STATE AND PROVE MID POINT THEOREM PLEASE HELP ME FRIENDS
Answers
Mid-Point Theorem :-
The line segment joining the mid-points of two sides of a triangle is parallel to the third side and equal to half the third side.
Given: In triangle ABC, P and Q are mid-points of AB and AC respectively.
To Prove: i) PQ || BC ii) PQ = 1/ 2 BC
Construction: Draw CR || BA to meet PQ produced at R.
Proof:
∠QAP = ∠QCR. (Pair of alternate angles) ---------- (1)
AQ = QC. (∵ Q is the mid-point of side AC) ---------- (2)
∠AQP = ∠CQR (Vertically opposite angles) ---------- (3)
Thus, ΔAPQ ≅ ΔCRQ (ASA Congruence rule)
PQ = QR. (by CPCT). or PQ = 1/ 2 PR ---------- (4)
⇒ AP = CR (by CPCT) ........(5)
But, AP = BP. (∵ P is the mid-point of the side AB)
⇒ BP = CR
Also. BP || CR. (by construction)
In quadrilateral BCRP, BP = CR and BP || CR
Therefore, quadrilateral BCRP is a parallelogram.
BC || PR or, BC || PQ
Also, PR = BC (∵ BCRP is a parallelogram)
⇒ 1 /2 PR = 1/ 2 BC
⇒ PQ = 1/ 2 BC. [from (4)]
Answer:the line segment joining the mid points of any two sides of a triangle is parallel to the third side and equal to half of it.
Step-by-step explanation:
Given:- a ∆ABC in which D and E are the mid points of sides AB and AC respectively. DE is joined.
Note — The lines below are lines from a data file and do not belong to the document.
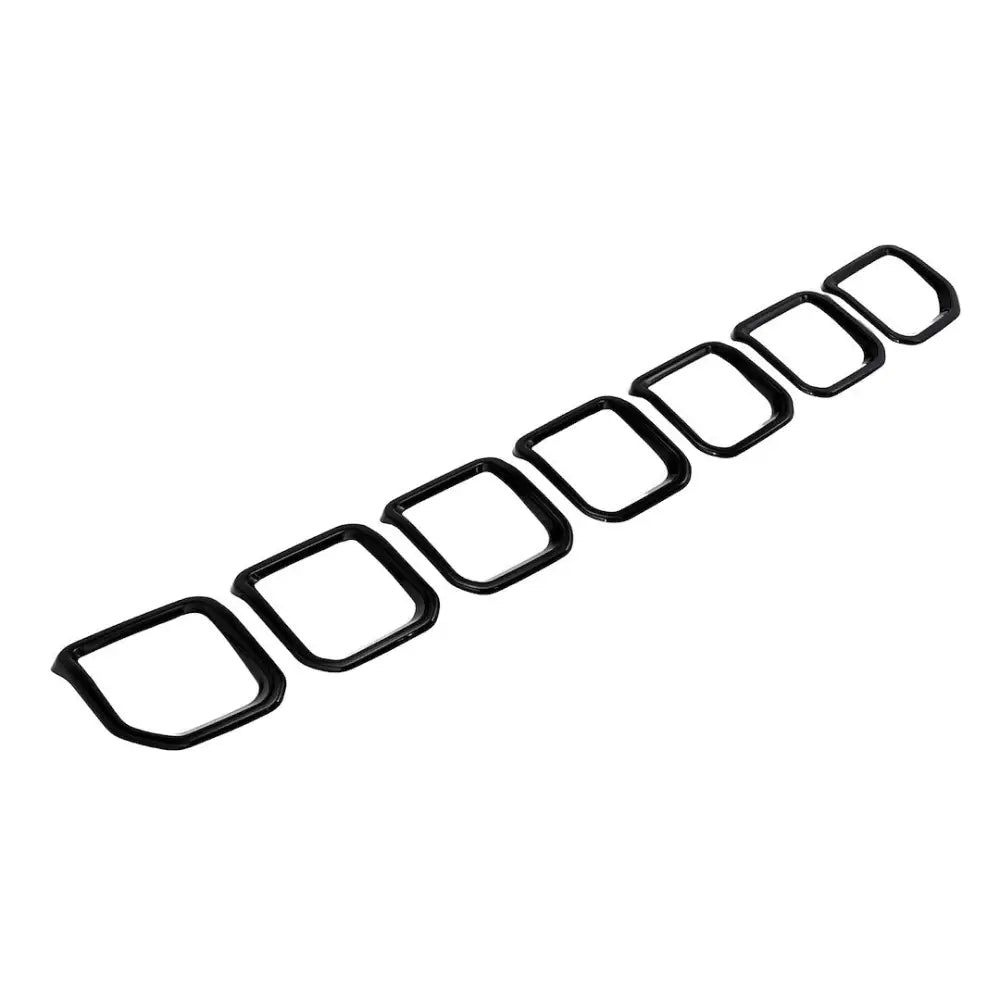 Coast2Coast Limited Lifetime Warranty Grille Insert GI194Black - Glossy Black GI 22-25 Compass 7PC GI194BLK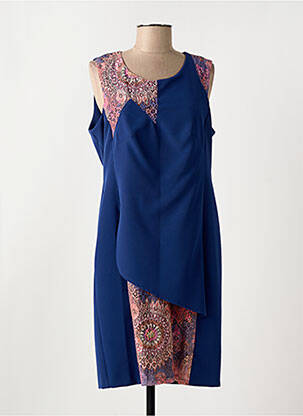 Robe mi-longue sans manche sans manche bleu GRIFFON femme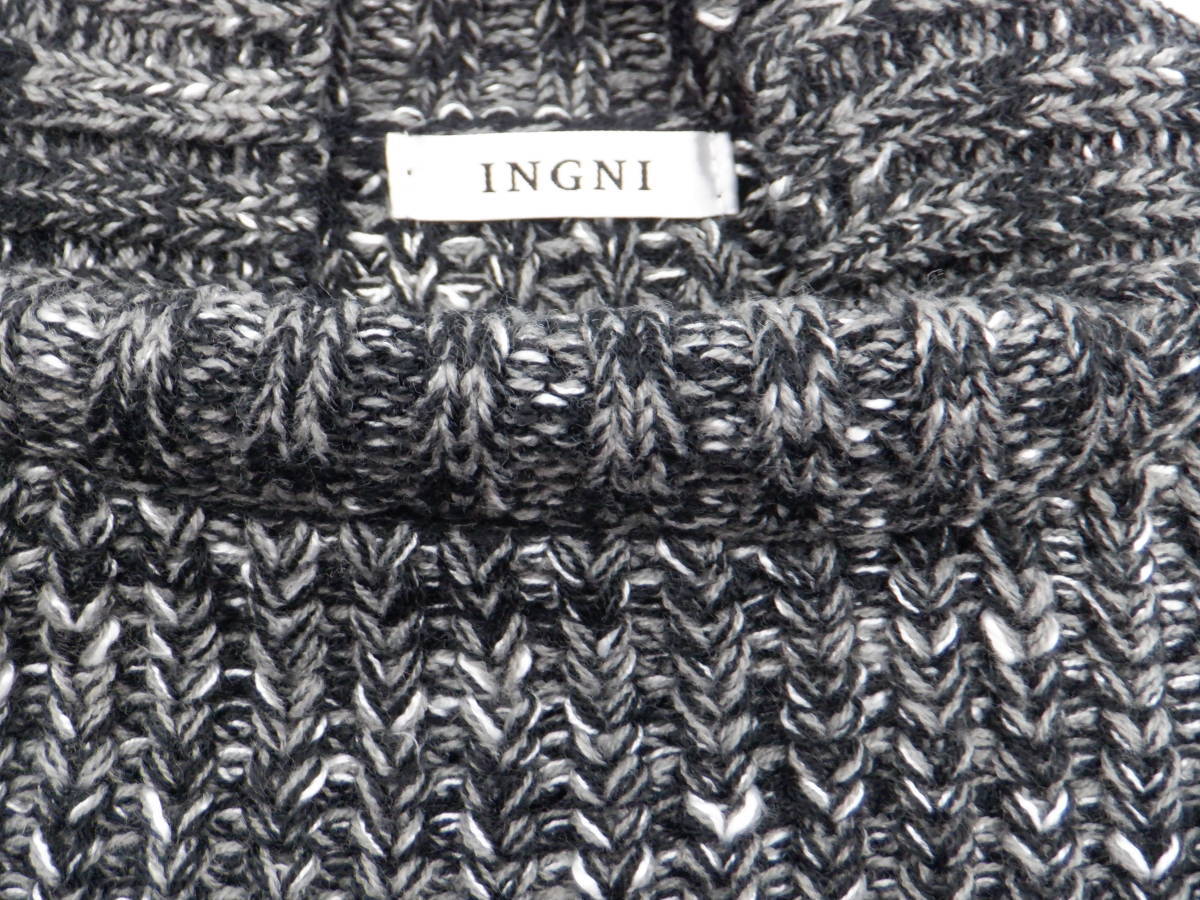 【新品】【INGNI イング】片畦ショート丈 ハイネックニット/クロモク【同梱可能】【トップス】【ニット】_画像6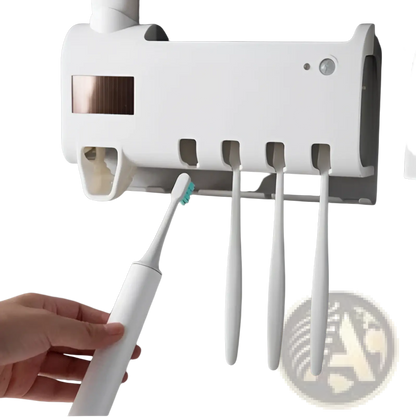 Uv Sterilizer Toothbrush Holder and Dispenser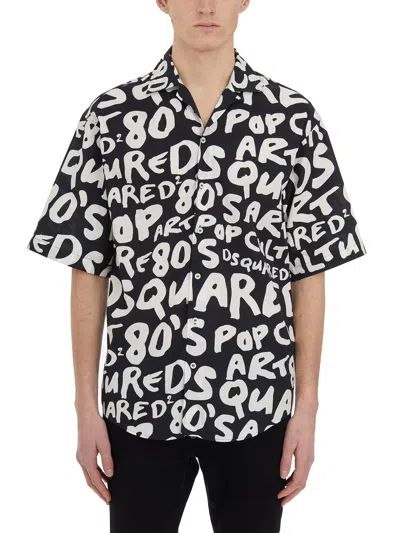 Dsquared2 All-over Logo Cotton Shirt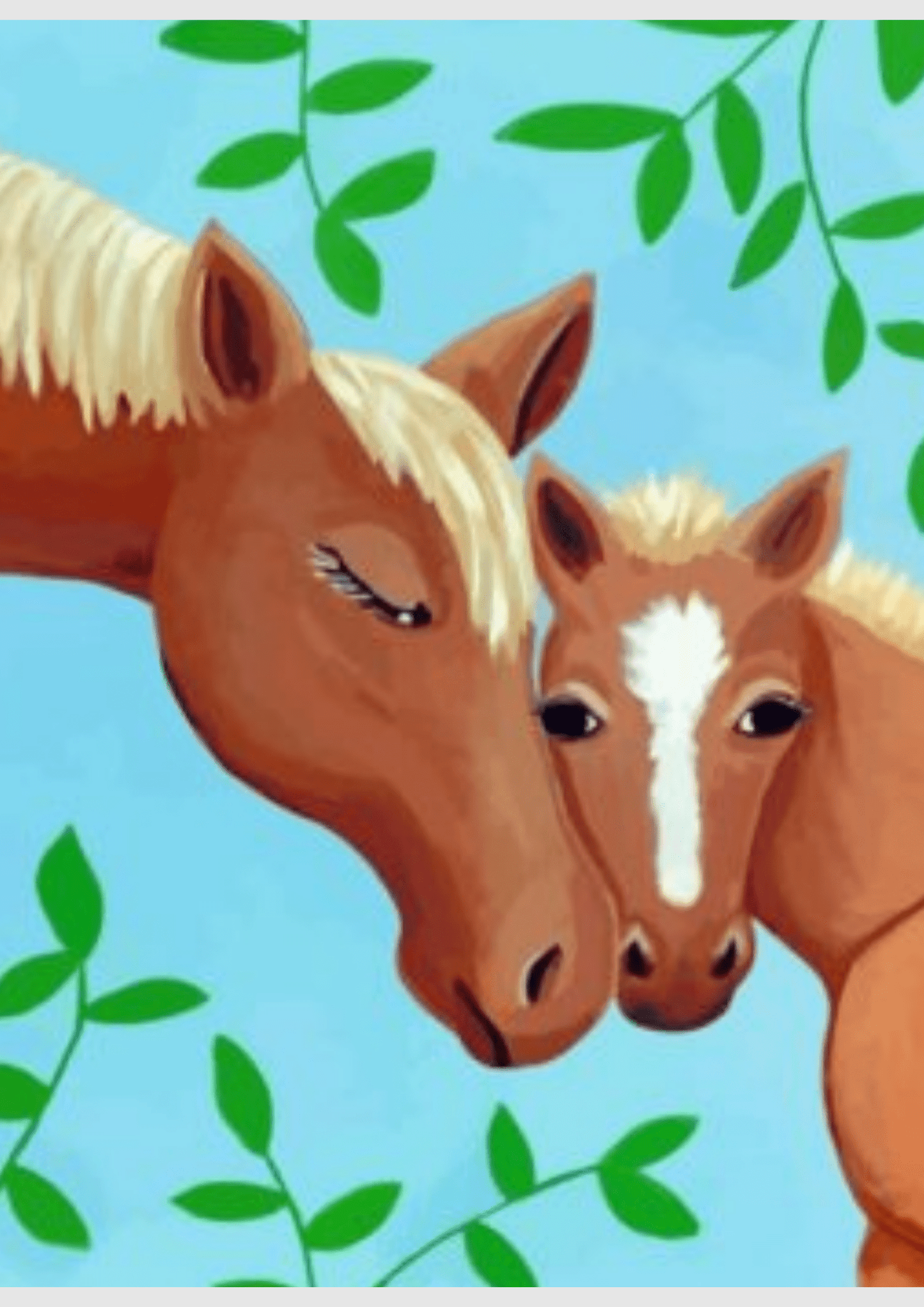 Tender Bond: Mother and Foal -  Artistry Numbers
To prove:- DE || BC and DE = 1/2 of BC.
Proof:- Produce line segment DE to F, such DE=EF. Join FC. In ∆s AED and CEF, we have
AE=CE (E is the mid point of AC)
<AED = <CEF (vertically opposite angles)
DE=EF (by construction)
So by SAS criteria for congruence ∆AED is congruent to ∆ CEF.
AD = CF ( by c.p.c.t.)
<ADE=<CFE( alt.in.angles).........(I)
Now D is the mid point of AB
AD=DB
DB=CF( from AD=CF) Now AD || FC [ from ( i )] and therefore DBCF is a parallelogram. DF || BC and DF=DF.( Opposite sides of a ||gm are equal and parallel) But, DE=EF and DE || BC.
DE =1/2 DF
therefore DE=1/2 BC ( DE = BC ).
HENCE PROVED...